RAW DATA:
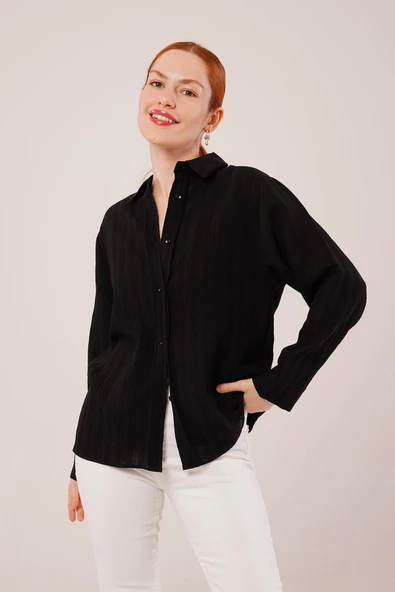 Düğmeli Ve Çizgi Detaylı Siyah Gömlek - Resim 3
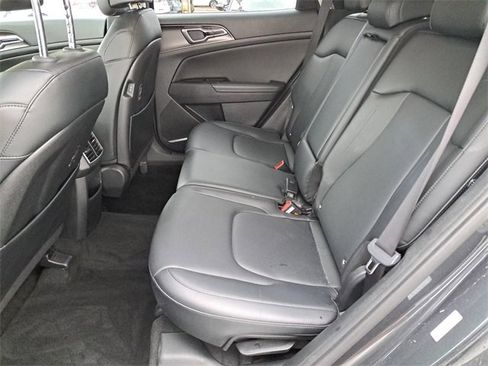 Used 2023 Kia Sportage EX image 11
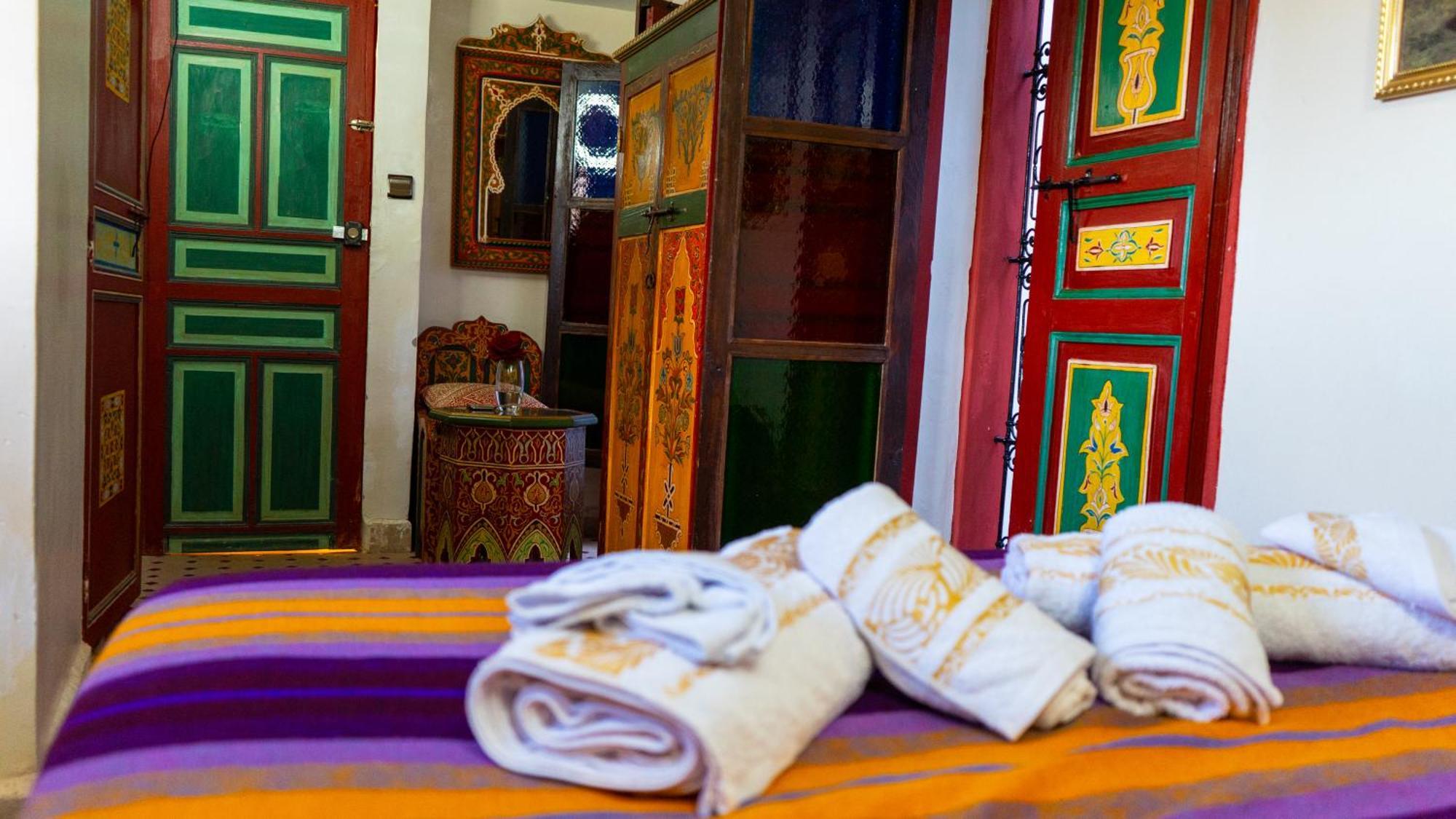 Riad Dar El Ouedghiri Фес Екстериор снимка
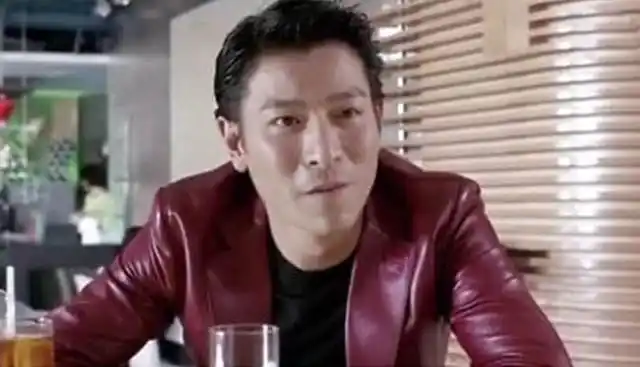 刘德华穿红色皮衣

TASK INSTRUCTIONS:
The whole listing should be retyped word for word; none of its pictures belong in the copy.

SOLVED PROBLEM:
 Düğmeli Ve Çizgi Detaylı Siyah Gömlek - Resim 3
 Used 2023 Kia Sportage EX image 11
 Riad Dar El Ouedghiri Фес Екстериор снимка
 刘德华穿红色皮衣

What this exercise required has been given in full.